The Government’s “Good Work Plan” launched on 17 December 2018 proposed various reforms in relation to holiday rights which has made it increasingly important for employers to approach holiday pay in the correct way.

In the absence of hard and fast rules, commonly employers find it difficult to know which types of payments are likely to be regarded as part of a worker’s “normal remuneration” for the purpose of calculating holiday pay and on what basis holiday pay should be calculated.

What is normal remuneration?

We are often asked whether certain payments paid to employees should be considered as “normal remuneration” for the purposes of calculating holiday pay.

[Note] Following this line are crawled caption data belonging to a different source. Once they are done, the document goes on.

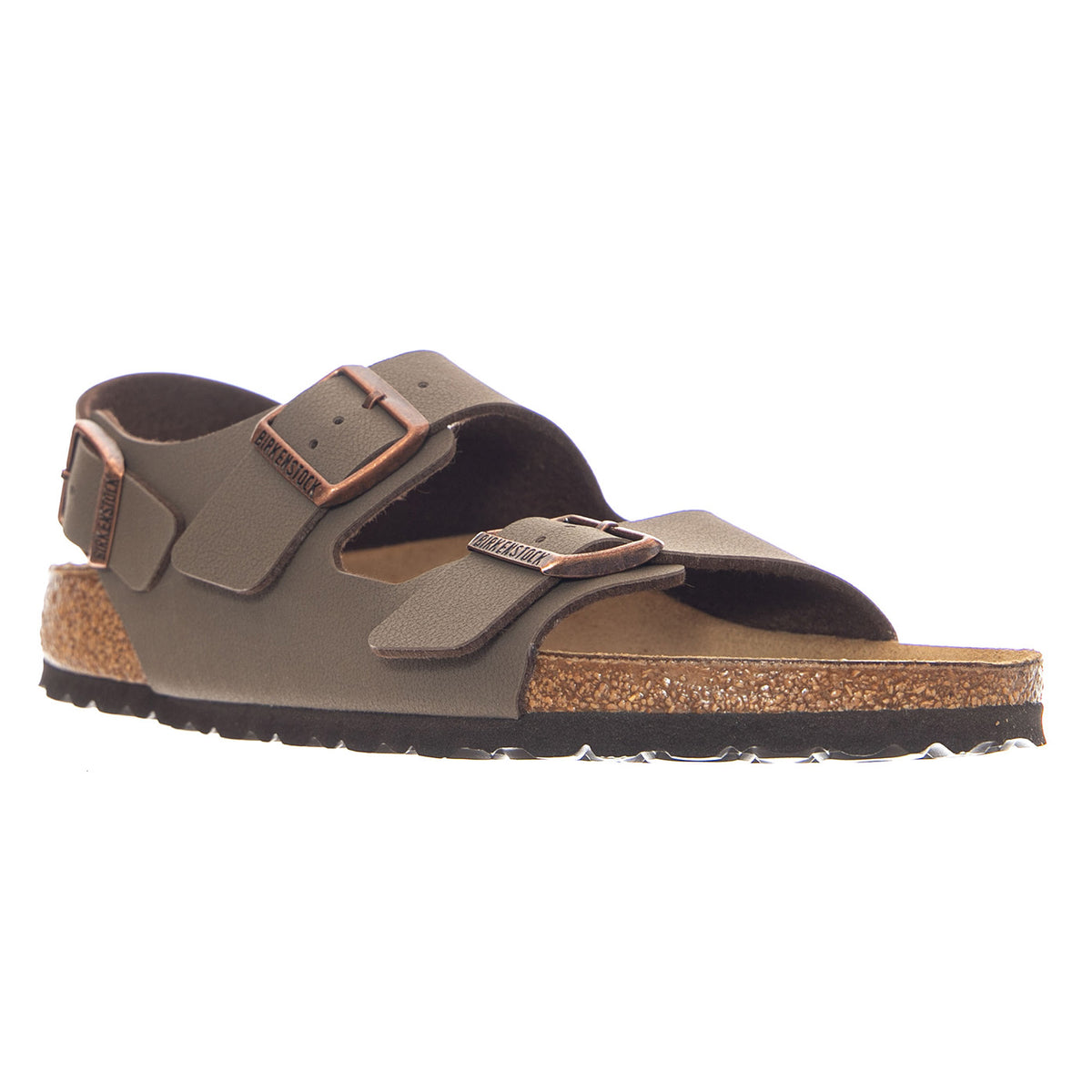 Milano Birkibuc Narrow Fit Mocca - Sandali Donna / Uomo Marroni 634503 MCA BIRKENSTOCK 
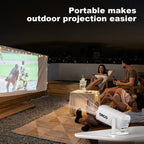 Orco Mini Projector with WiFi 6 and Support 4K 1080P Auto Keystone 180° Rotatable Projector Portable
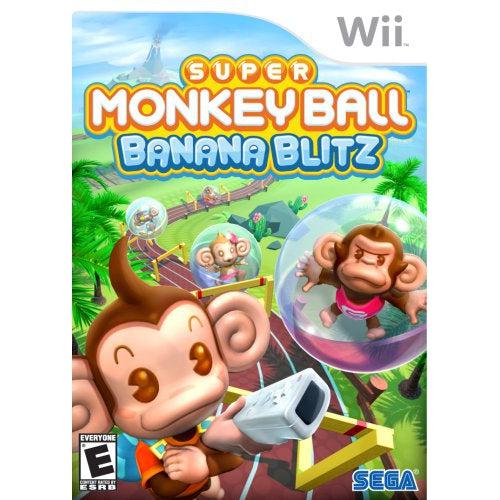 Super Monkey Ball Banana Blitz Nintendo Wii Game from 2P Gaming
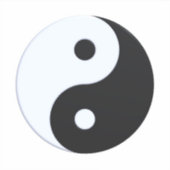 インヤン記号 シール (正面)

In short, payments made to an employee over a period of time with sufficient regularity will be considered “normal remuneration”. A good practical example is payments made for overtime worked.

There have been a number of case law developments this year regarding holiday pay, particularly regarding whether overtime is normal remuneration.  In East of England Ambulance Service NHS Trust v Flowers the Court of Appeal held that regular voluntary overtime must be included in the calculation of holiday pay, despite there being no contractual entitlement to work overtime.  As a result employers should consider whether voluntary overtime meets the test of being sufficiently regular and predictable for it to be considered “normal remuneration” for the purposes of calculating holiday pay.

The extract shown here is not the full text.